I remember taking apart an Xbox with RRoD to find that all the solders had disintegrated. Reflowing may have helped but I just sold it to GameStop instead


The simulation runners got angry with the banning of ChatGPT in Italy as it risks diverting from the most fun universe-simulation mainline and have started to send signals to get us back on track.


It doesn't say in Wikipedia, what is the towel for?


If I recall, the theory was that wrapping your 360 in a towel and turning it on would heat it up so much that whatever microfractures in solder joints that may have been causing the RROD problem would temporarily bond together again and make your Xbox usable for a time.
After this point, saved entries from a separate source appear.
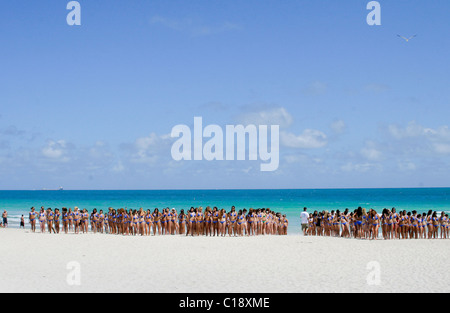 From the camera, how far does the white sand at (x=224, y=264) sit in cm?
1190

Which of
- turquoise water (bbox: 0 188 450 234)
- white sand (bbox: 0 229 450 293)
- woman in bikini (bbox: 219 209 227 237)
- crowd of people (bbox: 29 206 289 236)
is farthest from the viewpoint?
turquoise water (bbox: 0 188 450 234)

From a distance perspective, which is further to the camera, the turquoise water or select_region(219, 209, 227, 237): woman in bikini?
the turquoise water

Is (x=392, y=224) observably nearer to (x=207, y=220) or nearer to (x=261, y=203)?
(x=207, y=220)

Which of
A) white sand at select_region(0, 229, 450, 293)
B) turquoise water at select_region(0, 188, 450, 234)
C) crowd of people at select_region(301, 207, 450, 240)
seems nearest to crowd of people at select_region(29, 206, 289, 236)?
white sand at select_region(0, 229, 450, 293)

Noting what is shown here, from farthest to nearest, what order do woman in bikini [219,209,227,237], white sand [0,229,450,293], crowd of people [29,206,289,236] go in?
crowd of people [29,206,289,236] → woman in bikini [219,209,227,237] → white sand [0,229,450,293]

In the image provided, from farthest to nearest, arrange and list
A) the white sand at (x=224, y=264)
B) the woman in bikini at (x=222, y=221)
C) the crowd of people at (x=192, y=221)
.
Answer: the crowd of people at (x=192, y=221) < the woman in bikini at (x=222, y=221) < the white sand at (x=224, y=264)

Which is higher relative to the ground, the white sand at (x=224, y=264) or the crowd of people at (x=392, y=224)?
the crowd of people at (x=392, y=224)

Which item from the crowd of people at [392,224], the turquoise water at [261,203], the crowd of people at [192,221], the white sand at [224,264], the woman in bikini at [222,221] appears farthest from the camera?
the turquoise water at [261,203]

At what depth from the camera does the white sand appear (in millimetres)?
11898

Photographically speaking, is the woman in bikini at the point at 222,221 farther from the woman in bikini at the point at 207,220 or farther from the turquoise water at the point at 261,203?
the turquoise water at the point at 261,203

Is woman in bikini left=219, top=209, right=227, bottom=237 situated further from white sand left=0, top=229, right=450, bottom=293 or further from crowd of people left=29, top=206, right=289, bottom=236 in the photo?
white sand left=0, top=229, right=450, bottom=293

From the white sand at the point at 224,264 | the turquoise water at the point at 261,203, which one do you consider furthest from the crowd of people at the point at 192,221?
the turquoise water at the point at 261,203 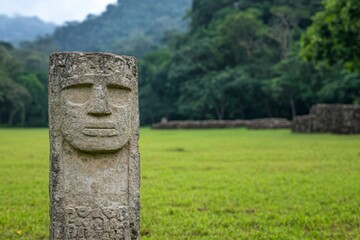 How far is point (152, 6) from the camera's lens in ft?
408

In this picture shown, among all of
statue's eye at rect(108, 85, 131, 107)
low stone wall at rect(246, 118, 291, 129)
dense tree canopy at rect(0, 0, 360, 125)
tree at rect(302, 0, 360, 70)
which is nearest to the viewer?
statue's eye at rect(108, 85, 131, 107)

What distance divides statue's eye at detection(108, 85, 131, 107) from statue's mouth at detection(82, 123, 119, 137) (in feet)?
0.70

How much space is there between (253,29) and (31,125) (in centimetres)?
2785

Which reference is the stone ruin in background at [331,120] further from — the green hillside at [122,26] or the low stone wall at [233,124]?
the green hillside at [122,26]

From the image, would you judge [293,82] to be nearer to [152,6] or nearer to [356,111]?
[356,111]

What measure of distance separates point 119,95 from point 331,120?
2057cm

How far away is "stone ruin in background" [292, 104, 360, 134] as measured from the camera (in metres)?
21.6

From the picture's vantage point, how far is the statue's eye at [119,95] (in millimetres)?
4016

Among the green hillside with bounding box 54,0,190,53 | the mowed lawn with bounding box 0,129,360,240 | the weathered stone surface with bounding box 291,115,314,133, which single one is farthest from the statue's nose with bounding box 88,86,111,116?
the green hillside with bounding box 54,0,190,53

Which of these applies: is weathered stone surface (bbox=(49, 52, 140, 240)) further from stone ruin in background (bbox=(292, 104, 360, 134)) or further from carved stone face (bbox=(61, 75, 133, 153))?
stone ruin in background (bbox=(292, 104, 360, 134))

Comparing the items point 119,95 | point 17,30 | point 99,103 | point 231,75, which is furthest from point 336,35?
point 17,30

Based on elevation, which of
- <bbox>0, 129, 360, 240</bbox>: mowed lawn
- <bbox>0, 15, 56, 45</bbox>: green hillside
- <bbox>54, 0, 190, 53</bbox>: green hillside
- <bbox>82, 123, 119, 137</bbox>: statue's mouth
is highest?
<bbox>0, 15, 56, 45</bbox>: green hillside

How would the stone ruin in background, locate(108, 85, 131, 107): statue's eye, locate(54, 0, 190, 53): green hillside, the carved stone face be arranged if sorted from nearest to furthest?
the carved stone face < locate(108, 85, 131, 107): statue's eye < the stone ruin in background < locate(54, 0, 190, 53): green hillside

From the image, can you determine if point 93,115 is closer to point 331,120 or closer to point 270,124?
point 331,120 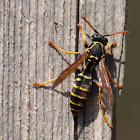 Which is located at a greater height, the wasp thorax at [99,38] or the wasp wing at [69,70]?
the wasp thorax at [99,38]

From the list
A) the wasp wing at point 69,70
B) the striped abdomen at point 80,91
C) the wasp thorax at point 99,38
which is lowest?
the striped abdomen at point 80,91

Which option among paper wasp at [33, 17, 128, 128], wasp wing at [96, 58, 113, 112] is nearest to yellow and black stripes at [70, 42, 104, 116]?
paper wasp at [33, 17, 128, 128]

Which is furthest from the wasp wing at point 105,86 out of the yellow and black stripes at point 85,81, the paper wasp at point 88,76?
the yellow and black stripes at point 85,81

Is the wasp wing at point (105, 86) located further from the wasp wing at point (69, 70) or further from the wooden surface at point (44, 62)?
the wasp wing at point (69, 70)

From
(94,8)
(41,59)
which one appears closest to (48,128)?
(41,59)

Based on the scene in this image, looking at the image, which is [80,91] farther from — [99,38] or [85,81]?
[99,38]

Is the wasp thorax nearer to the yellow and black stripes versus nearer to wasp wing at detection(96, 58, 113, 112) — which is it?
the yellow and black stripes

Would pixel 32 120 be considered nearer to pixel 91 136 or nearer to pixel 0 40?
pixel 91 136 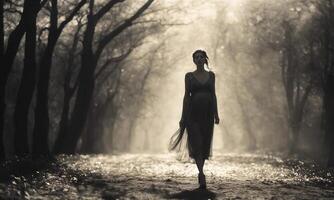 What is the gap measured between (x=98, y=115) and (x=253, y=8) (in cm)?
1683

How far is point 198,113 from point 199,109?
8 centimetres

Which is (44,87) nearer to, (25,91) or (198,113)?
(25,91)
It issue was with brittle solder on the boards and wrapping it in a towel and turning it on would allow it to get hot enough to (hopefully) re-flow broken connections.


The towel insulated the Xbox and remelted the BGA.


If you let it run wrapped in a towel it would sometimes temporarily fix it


Are we sure this is not AI generated?


Nope, no more AI in Italy, at least that's what our government decided. And no more English too.


Garante della Privacy decided that, not the government.


You mean openai decided


Are you equating English to ai?



Have you read the legislation?


I think they're equating a different sentence talking about something different.


Thanks for mansplaining!


Ah Jesus, expect another angel to show up at any moment


Angel's, no. I think the Pope is summoning Satan again.


I was going for a bad Evangelion joke.


How bad is it that one of my first thoughts was "This is a MidJourney / DALL-E embellishment"?


Not AI, you can tell because it doesn't have creepy fingers.